» **ASSIGNMENT**: Locate the line that contains "[Exc+5] Nikon FE" in the entries below, then repeat it and every following line through the line that contains "Ballroom/Hall 39 of 45", exactly, and no others.

(Short web captions)
⁂

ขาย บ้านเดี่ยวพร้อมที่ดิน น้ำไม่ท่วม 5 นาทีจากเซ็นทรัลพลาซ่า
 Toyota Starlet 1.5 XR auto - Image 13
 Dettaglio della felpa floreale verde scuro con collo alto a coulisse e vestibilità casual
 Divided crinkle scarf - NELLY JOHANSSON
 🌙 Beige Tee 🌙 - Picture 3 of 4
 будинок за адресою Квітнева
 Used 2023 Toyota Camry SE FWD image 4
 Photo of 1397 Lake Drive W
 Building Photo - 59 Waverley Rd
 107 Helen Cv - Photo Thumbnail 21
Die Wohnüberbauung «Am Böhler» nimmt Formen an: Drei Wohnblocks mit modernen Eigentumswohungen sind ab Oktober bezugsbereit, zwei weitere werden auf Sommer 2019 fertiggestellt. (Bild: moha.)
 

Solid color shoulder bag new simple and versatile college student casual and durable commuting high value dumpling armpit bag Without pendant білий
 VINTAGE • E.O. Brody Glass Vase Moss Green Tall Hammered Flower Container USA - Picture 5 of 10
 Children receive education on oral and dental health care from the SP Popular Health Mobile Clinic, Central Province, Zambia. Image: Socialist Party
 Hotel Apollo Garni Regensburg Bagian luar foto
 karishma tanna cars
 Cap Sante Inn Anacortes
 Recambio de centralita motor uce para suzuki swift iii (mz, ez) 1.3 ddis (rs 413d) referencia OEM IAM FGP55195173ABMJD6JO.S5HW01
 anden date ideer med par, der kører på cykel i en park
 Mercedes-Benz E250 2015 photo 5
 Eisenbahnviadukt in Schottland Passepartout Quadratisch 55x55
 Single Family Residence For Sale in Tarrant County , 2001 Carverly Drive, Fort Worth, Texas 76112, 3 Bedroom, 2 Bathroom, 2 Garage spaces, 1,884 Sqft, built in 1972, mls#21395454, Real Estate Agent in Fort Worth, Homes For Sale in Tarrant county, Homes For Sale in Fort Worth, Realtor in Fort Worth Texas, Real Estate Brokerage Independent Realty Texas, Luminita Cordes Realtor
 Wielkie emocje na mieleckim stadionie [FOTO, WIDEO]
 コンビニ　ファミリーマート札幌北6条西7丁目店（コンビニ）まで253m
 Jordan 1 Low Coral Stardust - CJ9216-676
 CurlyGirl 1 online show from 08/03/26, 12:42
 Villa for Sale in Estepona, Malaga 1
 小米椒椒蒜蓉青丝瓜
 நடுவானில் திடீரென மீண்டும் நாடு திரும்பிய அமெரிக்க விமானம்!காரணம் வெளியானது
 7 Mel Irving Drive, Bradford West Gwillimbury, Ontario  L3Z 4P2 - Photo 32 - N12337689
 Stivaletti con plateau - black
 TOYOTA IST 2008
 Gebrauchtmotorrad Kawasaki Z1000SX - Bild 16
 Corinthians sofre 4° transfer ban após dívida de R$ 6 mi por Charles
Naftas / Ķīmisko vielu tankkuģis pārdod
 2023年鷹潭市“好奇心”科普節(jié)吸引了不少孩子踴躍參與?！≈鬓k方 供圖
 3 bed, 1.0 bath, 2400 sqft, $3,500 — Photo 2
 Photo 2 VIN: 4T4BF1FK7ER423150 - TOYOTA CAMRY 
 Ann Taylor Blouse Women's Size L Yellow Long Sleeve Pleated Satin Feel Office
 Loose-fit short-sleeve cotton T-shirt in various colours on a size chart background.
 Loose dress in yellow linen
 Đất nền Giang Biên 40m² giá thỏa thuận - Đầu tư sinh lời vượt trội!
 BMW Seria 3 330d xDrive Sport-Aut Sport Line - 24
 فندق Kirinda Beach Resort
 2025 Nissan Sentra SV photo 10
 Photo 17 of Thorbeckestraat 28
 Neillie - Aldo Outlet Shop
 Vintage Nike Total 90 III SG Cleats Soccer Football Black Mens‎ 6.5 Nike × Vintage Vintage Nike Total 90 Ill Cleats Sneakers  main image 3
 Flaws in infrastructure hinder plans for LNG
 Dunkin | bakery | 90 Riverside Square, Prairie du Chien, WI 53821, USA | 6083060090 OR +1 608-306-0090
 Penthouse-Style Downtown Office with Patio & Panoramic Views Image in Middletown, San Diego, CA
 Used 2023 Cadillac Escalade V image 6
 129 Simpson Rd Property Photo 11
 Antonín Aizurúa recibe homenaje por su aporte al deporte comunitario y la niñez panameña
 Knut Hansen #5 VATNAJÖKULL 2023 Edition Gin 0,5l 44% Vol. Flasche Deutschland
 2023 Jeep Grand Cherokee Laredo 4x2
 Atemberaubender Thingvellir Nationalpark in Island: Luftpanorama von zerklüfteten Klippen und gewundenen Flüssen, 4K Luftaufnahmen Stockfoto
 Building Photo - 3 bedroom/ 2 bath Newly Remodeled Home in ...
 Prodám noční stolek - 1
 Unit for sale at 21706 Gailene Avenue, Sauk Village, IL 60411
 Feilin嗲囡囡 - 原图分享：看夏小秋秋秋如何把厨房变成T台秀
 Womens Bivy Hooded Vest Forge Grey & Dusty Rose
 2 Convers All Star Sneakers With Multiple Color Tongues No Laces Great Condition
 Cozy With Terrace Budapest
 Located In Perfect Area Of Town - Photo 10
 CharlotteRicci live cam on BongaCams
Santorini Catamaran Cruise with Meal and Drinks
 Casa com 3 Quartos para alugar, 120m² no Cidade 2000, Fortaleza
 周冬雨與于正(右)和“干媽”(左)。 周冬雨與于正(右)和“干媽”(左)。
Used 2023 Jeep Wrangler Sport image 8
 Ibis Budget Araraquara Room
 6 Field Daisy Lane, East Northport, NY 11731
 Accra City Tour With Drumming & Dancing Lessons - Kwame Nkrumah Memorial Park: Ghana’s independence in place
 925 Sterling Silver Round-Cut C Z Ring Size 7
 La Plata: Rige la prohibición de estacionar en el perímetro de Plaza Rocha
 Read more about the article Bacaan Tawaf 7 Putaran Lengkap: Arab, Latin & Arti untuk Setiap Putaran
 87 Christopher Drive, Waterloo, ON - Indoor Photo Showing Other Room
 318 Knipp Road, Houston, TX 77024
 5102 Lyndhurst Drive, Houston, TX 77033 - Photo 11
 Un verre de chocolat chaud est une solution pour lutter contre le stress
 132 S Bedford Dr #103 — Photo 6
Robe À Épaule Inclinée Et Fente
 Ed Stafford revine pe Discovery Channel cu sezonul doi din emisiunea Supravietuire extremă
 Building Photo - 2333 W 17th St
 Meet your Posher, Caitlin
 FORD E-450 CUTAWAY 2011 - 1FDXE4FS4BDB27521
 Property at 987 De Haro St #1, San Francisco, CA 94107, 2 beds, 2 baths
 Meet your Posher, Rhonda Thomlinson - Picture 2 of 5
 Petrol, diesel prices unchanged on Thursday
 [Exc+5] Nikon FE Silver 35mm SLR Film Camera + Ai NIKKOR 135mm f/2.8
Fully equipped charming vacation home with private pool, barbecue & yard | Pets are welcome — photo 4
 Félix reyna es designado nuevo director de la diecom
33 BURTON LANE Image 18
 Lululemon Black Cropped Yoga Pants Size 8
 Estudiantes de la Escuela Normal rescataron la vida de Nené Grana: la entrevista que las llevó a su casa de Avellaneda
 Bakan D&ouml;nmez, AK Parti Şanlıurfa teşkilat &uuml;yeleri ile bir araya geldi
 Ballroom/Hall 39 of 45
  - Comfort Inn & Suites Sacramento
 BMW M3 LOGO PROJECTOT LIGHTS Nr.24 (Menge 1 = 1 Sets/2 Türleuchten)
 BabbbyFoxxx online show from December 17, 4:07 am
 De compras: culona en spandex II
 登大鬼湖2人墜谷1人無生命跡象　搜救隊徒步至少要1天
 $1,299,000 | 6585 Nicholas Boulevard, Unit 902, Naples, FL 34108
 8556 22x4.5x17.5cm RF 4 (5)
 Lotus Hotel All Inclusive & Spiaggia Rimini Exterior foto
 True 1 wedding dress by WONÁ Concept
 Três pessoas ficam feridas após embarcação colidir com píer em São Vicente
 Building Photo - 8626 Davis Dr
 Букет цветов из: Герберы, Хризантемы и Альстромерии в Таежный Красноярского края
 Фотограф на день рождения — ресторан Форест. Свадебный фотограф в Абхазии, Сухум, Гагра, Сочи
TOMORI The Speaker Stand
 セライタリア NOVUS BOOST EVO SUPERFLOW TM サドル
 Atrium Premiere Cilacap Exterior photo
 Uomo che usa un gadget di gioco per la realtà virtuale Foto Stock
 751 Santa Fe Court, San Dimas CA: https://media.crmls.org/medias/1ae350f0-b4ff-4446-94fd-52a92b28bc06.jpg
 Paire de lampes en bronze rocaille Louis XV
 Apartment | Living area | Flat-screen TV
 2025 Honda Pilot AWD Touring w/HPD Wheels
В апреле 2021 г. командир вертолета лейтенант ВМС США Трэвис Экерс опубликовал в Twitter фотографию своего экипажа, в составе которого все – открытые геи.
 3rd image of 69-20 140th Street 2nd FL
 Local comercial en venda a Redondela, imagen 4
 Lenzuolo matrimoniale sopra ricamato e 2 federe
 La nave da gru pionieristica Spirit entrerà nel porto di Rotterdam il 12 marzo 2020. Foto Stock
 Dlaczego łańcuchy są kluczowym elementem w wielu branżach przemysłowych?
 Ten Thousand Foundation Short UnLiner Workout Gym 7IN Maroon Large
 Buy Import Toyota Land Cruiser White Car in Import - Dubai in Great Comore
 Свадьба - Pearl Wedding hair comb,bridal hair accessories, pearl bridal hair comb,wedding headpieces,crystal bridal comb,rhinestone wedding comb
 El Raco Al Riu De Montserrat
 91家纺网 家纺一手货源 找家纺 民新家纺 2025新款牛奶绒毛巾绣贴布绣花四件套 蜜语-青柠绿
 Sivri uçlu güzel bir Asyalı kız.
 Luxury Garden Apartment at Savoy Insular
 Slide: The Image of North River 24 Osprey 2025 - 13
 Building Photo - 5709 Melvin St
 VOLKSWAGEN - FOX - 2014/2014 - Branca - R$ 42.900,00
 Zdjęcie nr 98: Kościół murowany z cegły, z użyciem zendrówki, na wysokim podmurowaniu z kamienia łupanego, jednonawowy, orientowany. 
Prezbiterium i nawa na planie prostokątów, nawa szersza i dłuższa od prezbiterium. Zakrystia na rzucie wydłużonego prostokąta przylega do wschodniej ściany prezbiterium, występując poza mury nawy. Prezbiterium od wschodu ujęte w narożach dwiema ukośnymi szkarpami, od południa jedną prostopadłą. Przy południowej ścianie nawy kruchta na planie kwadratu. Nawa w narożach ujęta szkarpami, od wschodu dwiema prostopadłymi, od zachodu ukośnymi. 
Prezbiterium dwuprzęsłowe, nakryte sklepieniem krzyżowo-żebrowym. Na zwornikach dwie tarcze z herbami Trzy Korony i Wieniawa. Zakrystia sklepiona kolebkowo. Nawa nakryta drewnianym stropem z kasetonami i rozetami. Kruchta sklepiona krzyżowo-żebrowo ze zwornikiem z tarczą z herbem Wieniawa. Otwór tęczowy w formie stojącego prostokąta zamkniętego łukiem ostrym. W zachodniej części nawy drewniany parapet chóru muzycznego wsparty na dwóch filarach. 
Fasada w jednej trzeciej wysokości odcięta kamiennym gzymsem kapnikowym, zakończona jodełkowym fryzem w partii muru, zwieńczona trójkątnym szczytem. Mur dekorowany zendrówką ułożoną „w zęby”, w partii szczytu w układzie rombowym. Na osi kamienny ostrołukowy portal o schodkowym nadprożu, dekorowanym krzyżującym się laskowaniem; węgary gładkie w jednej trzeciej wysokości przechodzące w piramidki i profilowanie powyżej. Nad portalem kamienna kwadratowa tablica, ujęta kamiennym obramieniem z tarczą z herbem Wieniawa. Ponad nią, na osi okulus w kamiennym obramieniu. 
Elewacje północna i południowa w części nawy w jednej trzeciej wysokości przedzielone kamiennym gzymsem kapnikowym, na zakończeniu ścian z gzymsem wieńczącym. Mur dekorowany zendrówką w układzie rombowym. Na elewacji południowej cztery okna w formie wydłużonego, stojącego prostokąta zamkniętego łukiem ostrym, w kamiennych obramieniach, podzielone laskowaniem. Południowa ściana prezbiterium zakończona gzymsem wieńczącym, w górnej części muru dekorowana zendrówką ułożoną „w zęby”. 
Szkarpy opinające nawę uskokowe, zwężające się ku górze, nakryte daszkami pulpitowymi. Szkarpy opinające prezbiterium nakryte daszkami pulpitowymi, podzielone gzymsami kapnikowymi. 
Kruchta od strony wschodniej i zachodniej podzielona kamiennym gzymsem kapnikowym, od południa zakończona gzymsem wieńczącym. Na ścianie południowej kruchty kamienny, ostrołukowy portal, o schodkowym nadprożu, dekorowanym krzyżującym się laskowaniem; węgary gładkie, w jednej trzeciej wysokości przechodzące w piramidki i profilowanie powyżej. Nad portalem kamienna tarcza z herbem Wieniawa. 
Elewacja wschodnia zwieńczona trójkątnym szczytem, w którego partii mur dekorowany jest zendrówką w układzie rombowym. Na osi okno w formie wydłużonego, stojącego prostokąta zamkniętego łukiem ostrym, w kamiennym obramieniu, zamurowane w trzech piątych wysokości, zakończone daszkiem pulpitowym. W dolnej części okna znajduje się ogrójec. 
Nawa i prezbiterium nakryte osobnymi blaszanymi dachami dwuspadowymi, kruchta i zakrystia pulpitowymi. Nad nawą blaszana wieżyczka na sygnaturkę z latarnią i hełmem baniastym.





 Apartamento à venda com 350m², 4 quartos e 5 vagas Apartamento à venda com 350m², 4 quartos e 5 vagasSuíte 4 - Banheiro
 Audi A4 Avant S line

⁂

» **ANSWER SECTION**:
 [Exc+5] Nikon FE Silver 35mm SLR Film Camera + Ai NIKKOR 135mm f/2.8
Fully equipped charming vacation home with private pool, barbecue & yard | Pets are welcome — photo 4
 Félix reyna es designado nuevo director de la diecom
33 BURTON LANE Image 18
 Lululemon Black Cropped Yoga Pants Size 8
 Estudiantes de la Escuela Normal rescataron la vida de Nené Grana: la entrevista que las llevó a su casa de Avellaneda
 Bakan D&ouml;nmez, AK Parti Şanlıurfa teşkilat &uuml;yeleri ile bir araya geldi
 Ballroom/Hall 39 of 45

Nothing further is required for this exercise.